Toutefois, il y avait là un doute. Si, par impossible, ce glaçon eût été plus près de terre que les naufragés ne le supposaient! Si un courant dont on ne pouvait constater la direction l'avait rapproché de ces Aléoutiennes tant désirées! Le vent portait alors vers ces îles, et il pouvait rapidement déplacer le glaçon, si on lui donnait prise. Le glaçon n'eût-il plus que quelques heures à flotter, en quelques heures la terre pouvait apparaître peut-être, ou sinon elle, du moins un de ces navires de cabotage ou de pêche qui ne s'élèvent jamais au large.

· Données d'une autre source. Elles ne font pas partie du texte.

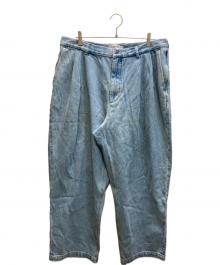 EVISEN（エビセン）の古着「Nikola Denim Pants」｜インディゴ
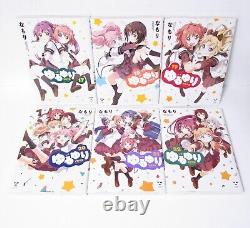 Yuru Yuri New Edition Vol. 1-22 Complete Comics Set Japanese Ver Manga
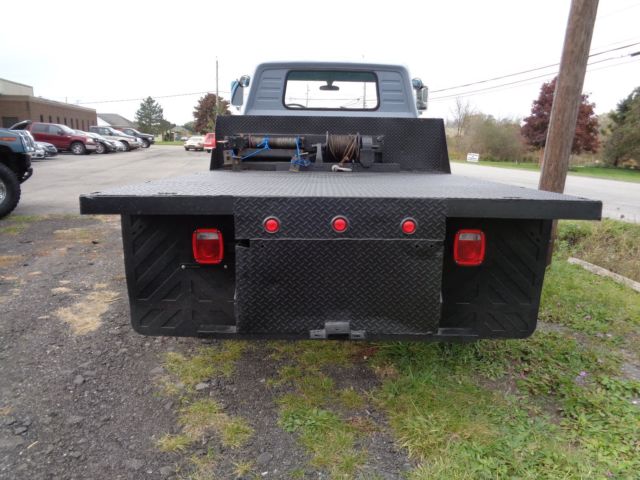 1966 Dodge Power Wagon - photo 7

Une idée, d'abord confuse dans l'esprit du lieutenant Hobson, prit bientôt une étrange fixité. Pourquoi n'établirait-on pas une voile sur ce glaçon comme sur un radeau ordinaire? Cela était possible, en effet.
Jasper Hobson communiqua son idée au charpentier.
«Vous avez raison, répondit Mac Nap. Toutes voiles dehors.»
Ce projet, quelque peu de chances qu'il eût de réussir, ranima ces infortunés. Pouvait-il en être autrement? Ne devaient-ils pas se raccrocher à tout ce qui ressemblait à un espoir?
Tous se mirent à l'oeuvre, même Kellet, qui n'avait pas encore rappelé à Mrs. Paulina Barnett sa promesse.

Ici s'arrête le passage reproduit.